* [WHAT THE EXERCISE ASKS]: When you return the material, keep every line exactly as it is and omit the pictures.

* [MATERIAL PROVIDED]:

────────────────────

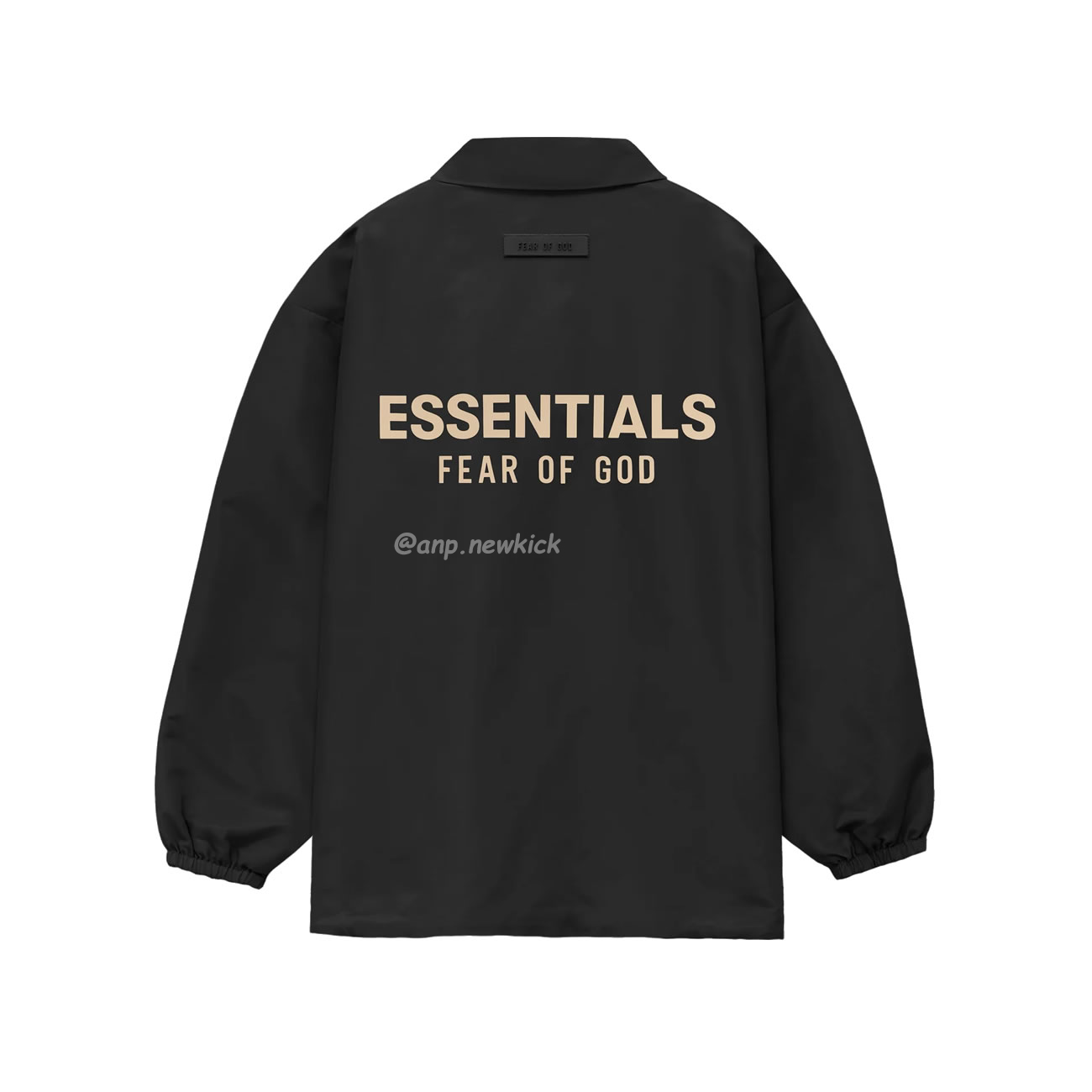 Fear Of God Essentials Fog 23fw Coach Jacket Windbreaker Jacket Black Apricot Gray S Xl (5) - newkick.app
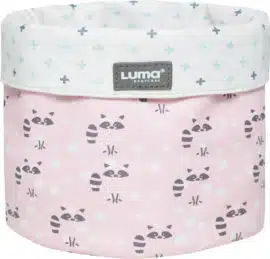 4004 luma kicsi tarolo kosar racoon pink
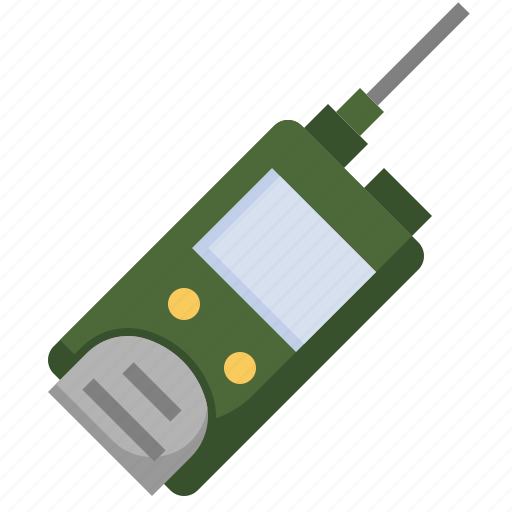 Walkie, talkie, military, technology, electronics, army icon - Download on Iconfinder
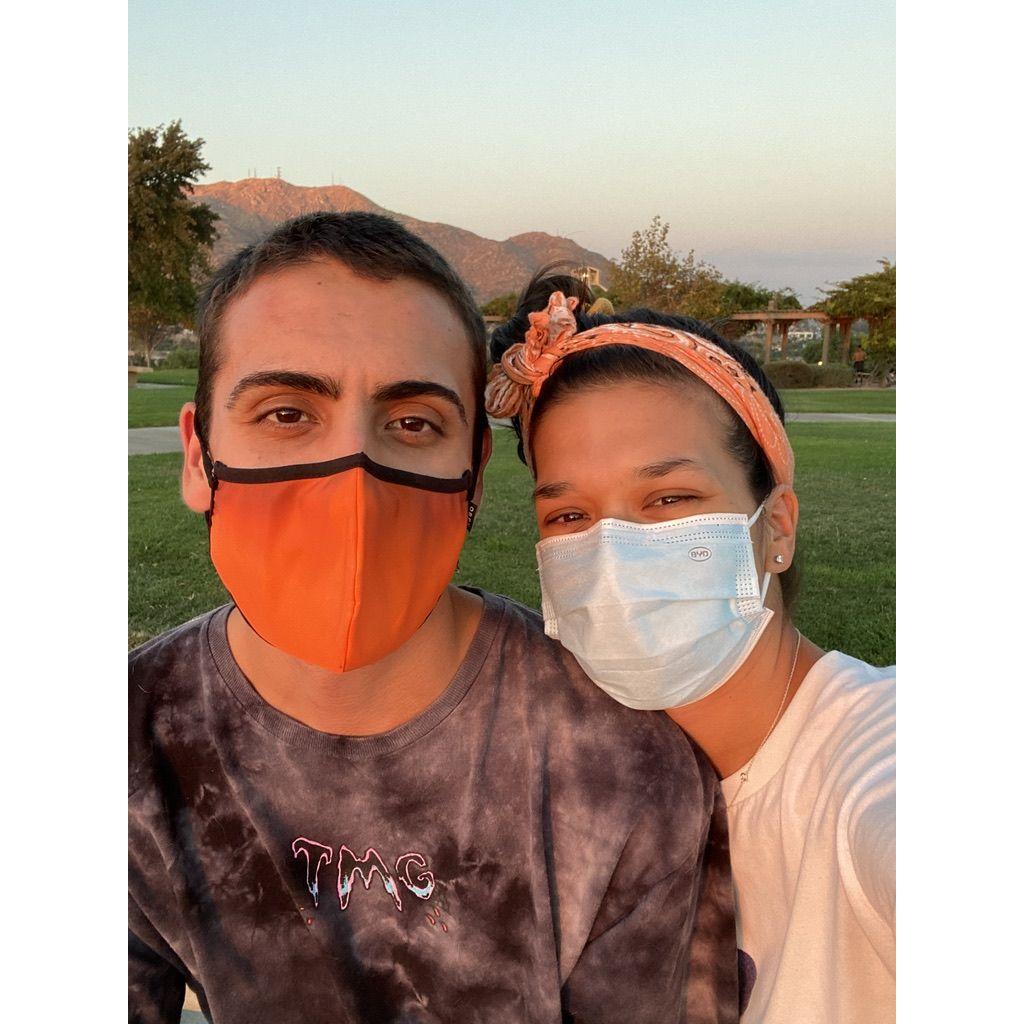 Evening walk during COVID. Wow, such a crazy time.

────────────────────

* [OUTPUT BELOW]:
 Fear Of God Essentials Fog 23fw Coach Jacket Windbreaker Jacket Black Apricot Gray S Xl (5) - newkick.app
 4004 luma kicsi tarolo kosar racoon pink
 Walkie, talkie, military, technology, electronics, army icon - Download on Iconfinder
 Evening walk during COVID. Wow, such a crazy time.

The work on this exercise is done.